Track, Time, Marker_t, Text
The Text marks a point in the sequence which occurs at the given Time, for example “Third Movement”.
Track, Time, Cue_point_t, Text
The Text identifies synchronisation point which occurs at the specified Time, for example, “Door slams”.
Track, Time, Lyric_t, Text
The Text gives a lyric intended to be sung at the given Time. Lyrics are often broken down into separate syllables to time-align them more precisely with the sequence.
Track, Time, Text_t, Text
This meta-event supplies an arbitrary Text string tagged to the Track and Time. It can be used for textual information which doesn’t fall into one of the more specific categories given above.
Track, 0, Sequence_number, Number
This meta-event specifies a sequence Number between 0 and 65535, used to arrange multiple tracks in a type 2 MIDI file, or to identify the sequence in which a collection of type 0 or 1 MIDI files should be played.
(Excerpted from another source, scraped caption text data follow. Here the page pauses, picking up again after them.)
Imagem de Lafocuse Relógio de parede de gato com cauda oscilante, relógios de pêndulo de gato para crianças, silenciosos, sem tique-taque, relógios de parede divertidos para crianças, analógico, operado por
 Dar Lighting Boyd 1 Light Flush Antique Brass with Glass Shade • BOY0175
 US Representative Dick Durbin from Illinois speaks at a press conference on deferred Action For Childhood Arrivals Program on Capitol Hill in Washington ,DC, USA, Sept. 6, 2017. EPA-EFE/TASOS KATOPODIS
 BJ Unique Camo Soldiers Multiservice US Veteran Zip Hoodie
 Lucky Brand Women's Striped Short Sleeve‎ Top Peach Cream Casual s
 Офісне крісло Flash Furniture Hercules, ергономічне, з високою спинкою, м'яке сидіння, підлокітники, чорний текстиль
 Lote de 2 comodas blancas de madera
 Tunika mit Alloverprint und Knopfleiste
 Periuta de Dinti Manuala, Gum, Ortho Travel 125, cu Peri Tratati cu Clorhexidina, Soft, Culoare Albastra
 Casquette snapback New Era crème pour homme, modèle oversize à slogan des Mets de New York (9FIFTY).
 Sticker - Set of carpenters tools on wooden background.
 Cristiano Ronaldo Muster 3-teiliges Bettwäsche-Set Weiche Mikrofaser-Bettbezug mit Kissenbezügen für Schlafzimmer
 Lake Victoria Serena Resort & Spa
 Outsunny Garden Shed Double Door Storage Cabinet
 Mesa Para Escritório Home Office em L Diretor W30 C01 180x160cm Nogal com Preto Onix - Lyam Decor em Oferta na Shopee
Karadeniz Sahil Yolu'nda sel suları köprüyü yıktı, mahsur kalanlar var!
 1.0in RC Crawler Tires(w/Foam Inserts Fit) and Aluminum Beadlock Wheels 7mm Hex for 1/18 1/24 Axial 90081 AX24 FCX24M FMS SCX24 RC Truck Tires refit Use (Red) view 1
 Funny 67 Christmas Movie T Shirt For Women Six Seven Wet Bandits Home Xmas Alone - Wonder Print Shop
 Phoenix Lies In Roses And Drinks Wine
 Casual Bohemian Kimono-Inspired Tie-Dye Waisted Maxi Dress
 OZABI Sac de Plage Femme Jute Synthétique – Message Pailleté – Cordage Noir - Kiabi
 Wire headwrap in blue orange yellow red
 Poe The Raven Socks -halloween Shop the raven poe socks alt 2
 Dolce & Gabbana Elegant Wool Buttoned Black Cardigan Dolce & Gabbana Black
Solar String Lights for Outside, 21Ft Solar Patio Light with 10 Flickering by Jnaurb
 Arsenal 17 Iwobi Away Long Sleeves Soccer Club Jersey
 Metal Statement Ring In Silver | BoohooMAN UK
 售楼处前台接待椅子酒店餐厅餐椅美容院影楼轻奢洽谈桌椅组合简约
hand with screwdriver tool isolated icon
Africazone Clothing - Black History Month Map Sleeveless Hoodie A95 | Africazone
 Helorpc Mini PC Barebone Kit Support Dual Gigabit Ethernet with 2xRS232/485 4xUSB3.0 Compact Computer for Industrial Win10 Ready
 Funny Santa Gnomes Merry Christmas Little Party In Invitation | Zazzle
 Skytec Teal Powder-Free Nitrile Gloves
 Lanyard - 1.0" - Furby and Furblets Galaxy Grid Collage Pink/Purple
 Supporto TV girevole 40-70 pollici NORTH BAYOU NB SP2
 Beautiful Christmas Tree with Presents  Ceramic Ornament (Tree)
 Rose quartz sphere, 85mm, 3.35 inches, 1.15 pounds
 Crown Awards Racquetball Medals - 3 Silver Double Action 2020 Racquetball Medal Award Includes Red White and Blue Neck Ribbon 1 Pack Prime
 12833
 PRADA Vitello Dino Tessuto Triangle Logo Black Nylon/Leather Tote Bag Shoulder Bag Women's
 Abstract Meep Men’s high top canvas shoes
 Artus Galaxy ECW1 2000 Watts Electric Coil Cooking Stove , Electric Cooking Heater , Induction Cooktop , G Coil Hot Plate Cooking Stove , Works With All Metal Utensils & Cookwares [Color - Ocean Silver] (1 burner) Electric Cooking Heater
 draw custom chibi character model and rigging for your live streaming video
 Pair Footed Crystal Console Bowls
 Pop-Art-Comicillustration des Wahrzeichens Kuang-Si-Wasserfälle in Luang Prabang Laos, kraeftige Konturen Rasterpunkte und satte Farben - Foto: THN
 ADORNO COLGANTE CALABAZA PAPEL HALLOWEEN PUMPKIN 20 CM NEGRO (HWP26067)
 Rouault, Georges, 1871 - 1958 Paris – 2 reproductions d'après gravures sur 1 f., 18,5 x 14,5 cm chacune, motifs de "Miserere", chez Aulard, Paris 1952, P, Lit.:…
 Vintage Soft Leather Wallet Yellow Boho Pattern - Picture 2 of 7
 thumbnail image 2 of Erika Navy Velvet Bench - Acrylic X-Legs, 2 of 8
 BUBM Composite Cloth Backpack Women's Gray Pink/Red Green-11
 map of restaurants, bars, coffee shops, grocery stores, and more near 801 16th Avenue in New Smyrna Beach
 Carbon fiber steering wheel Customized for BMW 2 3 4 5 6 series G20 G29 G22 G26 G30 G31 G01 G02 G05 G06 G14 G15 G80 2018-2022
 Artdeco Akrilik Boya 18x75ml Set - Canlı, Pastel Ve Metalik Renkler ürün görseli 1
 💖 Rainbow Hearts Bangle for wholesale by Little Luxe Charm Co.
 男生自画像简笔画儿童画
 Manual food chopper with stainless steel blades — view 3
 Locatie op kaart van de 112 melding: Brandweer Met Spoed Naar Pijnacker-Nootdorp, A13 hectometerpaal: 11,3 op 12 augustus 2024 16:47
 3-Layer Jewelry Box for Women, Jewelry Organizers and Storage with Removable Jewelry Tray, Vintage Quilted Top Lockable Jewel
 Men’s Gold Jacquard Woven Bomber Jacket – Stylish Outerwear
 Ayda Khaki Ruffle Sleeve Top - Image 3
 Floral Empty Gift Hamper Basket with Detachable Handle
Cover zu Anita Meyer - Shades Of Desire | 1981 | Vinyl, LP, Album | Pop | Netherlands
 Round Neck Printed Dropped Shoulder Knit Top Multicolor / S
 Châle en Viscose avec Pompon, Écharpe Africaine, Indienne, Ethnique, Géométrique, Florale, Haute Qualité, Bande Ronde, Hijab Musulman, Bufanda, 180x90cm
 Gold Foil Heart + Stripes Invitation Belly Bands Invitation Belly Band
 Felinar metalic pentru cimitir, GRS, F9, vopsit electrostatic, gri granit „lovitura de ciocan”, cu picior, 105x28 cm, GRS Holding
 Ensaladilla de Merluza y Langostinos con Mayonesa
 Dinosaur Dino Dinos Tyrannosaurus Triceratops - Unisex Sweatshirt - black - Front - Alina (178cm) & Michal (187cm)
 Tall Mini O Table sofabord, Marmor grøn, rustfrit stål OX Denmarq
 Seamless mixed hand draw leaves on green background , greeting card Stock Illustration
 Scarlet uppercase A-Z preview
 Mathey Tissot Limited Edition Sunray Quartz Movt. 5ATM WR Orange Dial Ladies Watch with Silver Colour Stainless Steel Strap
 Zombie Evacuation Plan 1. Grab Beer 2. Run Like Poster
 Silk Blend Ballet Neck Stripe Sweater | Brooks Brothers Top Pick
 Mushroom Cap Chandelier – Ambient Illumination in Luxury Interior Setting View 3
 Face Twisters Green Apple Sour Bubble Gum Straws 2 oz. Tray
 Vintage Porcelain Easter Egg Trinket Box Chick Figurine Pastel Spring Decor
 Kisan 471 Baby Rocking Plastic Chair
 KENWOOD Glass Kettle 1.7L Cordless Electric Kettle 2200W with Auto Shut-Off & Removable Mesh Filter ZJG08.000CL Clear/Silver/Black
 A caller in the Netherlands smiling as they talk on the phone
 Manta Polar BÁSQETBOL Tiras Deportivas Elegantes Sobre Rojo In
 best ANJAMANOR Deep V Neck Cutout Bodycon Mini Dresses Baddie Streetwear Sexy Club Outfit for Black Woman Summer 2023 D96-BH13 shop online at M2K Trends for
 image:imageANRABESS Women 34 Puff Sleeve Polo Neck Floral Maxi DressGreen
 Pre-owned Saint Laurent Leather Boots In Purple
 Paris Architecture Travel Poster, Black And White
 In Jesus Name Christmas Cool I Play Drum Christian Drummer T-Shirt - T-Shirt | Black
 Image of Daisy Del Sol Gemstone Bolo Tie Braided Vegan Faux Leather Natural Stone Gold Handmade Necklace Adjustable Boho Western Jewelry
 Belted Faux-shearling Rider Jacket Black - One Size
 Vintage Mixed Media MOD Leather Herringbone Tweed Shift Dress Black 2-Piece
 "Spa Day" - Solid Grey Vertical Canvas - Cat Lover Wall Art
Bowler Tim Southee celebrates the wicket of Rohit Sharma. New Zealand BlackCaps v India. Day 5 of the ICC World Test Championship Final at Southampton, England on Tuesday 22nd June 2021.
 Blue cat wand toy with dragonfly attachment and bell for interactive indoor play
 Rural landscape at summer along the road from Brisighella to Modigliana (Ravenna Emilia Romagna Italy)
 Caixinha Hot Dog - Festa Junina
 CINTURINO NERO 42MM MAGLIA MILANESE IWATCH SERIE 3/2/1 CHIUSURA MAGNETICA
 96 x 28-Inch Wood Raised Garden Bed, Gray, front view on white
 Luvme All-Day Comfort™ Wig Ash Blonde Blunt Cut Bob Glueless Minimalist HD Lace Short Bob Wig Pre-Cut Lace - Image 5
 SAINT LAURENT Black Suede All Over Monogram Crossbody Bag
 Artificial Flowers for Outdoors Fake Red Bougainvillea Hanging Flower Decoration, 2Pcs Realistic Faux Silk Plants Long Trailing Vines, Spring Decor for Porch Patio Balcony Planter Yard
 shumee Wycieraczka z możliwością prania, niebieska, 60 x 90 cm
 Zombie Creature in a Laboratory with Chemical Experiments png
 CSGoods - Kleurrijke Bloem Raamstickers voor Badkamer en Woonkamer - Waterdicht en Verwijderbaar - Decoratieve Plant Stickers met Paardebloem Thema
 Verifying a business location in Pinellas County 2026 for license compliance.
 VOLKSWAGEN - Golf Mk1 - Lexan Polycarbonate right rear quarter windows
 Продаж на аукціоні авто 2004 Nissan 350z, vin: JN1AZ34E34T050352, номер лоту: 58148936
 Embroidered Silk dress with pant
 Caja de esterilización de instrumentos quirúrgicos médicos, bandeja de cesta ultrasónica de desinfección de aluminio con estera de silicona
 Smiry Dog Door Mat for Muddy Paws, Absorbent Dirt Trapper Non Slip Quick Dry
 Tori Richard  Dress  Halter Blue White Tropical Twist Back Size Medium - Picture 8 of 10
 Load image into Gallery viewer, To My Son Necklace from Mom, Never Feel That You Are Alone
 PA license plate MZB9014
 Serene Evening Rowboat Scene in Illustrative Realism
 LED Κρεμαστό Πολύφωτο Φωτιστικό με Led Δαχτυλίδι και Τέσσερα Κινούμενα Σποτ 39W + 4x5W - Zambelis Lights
The Sequence_number meta-event should occur at Time zero, at the start of the track.
Track, Time, MIDI_port, Number
This meta-event specifies that subsequent events in the Track should be sent to MIDI port (bus) Number, between 0 and 255. This meta-event usually appears at the start of a track with Time zero, but may appear within a track should the need arise to change the port while the track is being played.
Track, Time, Channel_prefix, Number
This meta-event specifies the MIDI channel that subsequent meta-events and System_exclusive events pertain to. The channel Number specifies a MIDI channel from 0 to 15. In fact, the Number may be as large as 255, but the consequences of specifying a channel number greater than 15 are undefined.
Track, Time, Time_signature, Num, Denom, Click, NotesQ
The time signature, metronome click rate, and number of 32nd notes per MIDI quarter note (24 MIDI clock times) are given by the numeric arguments. Num gives the numerator of the time signature as specified on sheet music. Denom specifies the denominator as a negative power of two, for example 2 for a quarter note, 3 for an eighth note, etc. Click gives the number of MIDI clocks per metronome click, and NotesQ the number of 32nd notes in the nominal MIDI quarter note time of 24 clocks (8 for the default MIDI quarter note definition).
Track, Time, Key_signature, Key, Major/Minor
The key signature is specified by the numeric Key value, which is 0 for the key of C, a positive value for each sharp above C, or a negative value for each flat below C, thus in the inclusive range −7 to 7. The Major/Minorfield is a quoted string which will be major for a major key and minor for a minor key.
Track, Time, Tempo, Number
The tempo is specified as the Number of microseconds per quarter note, between 1 and 16777215. A value of 500000 corresponds to 120 quarter notes (“beats”) per minute. To convert beats per minute to a Tempo value, take the quotient from dividing 60,000,000 by the beats per minute.
Track, 0, SMPTE_offset, Hour, Minute, Second, Frame, FracFrame
This meta-event, which must occur with a zero Time at the start of a track, specifies the SMPTE time code at which it should start playing. The FracFrame field gives the fractional frame time (0 to 99).
Track, Time, Sequencer_specific, Length, Data, …
The Sequencer_specific meta-event is used to store vendor-proprietary data in a MIDI file. The Length can be any value between 0 and 228−1, specifying the number of Data bytes (between 0 and 255) which follow.Sequencer_specific records may be very long; programs which process MIDI CSV files should be careful to protect against buffer overflows and truncation of these records.
Track, Time, Unknown_meta_event, Type, Length, Data, …
If Karaboss encounters a meta-event with a code not defined by the standard MIDI file specification, it outputs an unknown meta-event record in which Type gives the numeric meta-event type code, Length the number of data bytes in the meta-event, which can be any value between 0 and 228−1, followed by the Data bytes. Since meta-events include their own length, it is possible to parse them even if their type and meaning are unknown.Karaboss will reconstruct unknown meta-events with the same type code and content as in the original MIDI file.

Channel Events

These events are the “meat and potatoes” of MIDI files: the actual notes and modifiers that command the instruments to play the music. Each has a MIDI channel number as its first argument, followed by event-specific parameters. To permit programs which process CSV files to easily distinguish them from meta-events, names of channel events all have a suffix of “_c”.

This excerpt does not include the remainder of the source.